ACTIVITY
Start at the line below containing "Oblique aerial view" and stop at the line containing "Illustration depicting a". Repeat every line of that stretch exactly, and nothing outside it.

RECORDS FOR THE TASK
Content starts

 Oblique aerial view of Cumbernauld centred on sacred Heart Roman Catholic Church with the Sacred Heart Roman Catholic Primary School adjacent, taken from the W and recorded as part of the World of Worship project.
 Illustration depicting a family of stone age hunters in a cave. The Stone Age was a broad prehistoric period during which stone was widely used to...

Content ends
Content starts

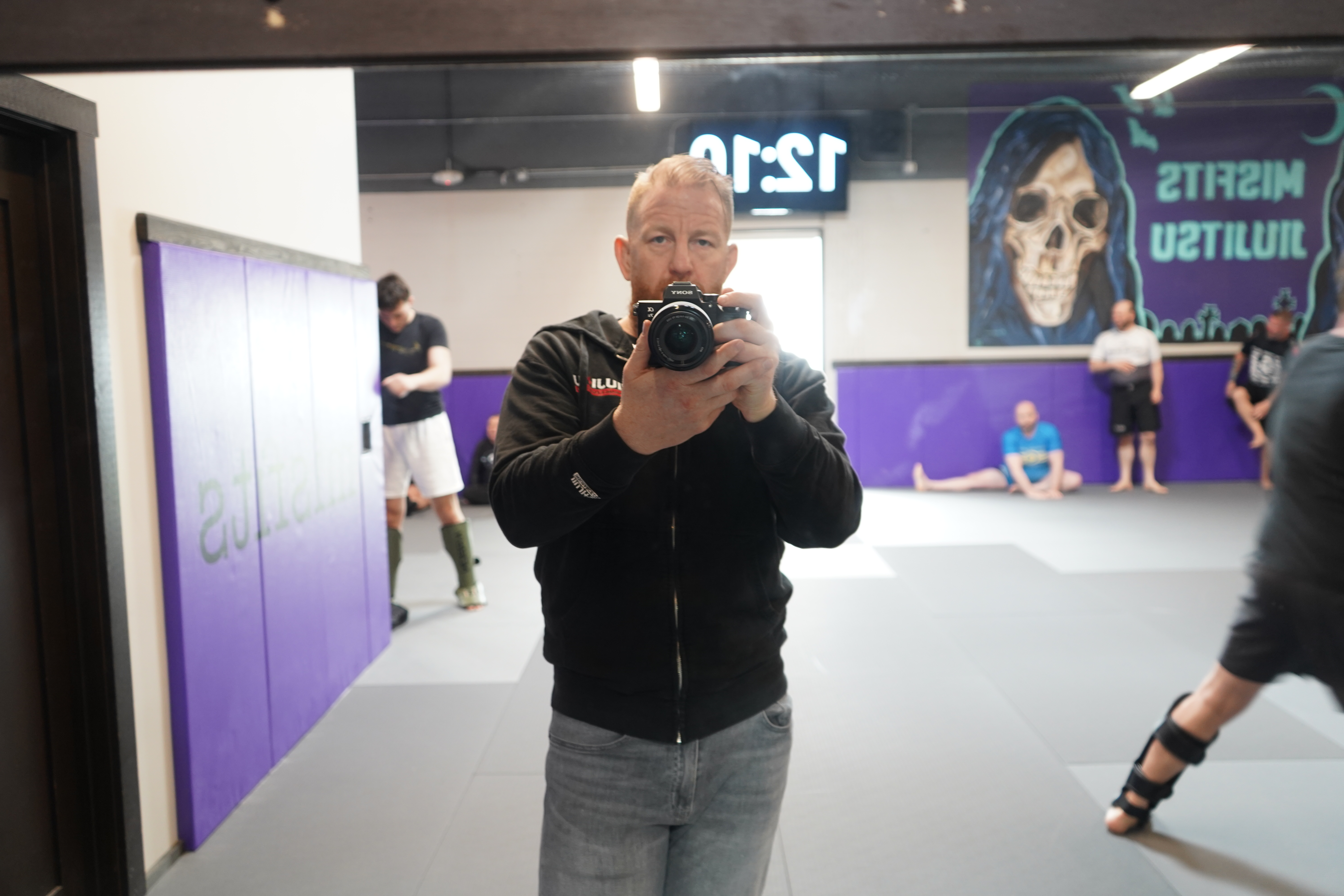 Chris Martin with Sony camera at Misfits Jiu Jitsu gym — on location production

Content ends

SOLUTION
 Oblique aerial view of Cumbernauld centred on sacred Heart Roman Catholic Church with the Sacred Heart Roman Catholic Primary School adjacent, taken from the W and recorded as part of the World of Worship project.
 Illustration depicting a family of stone age hunters in a cave. The Stone Age was a broad prehistoric period during which stone was widely used to...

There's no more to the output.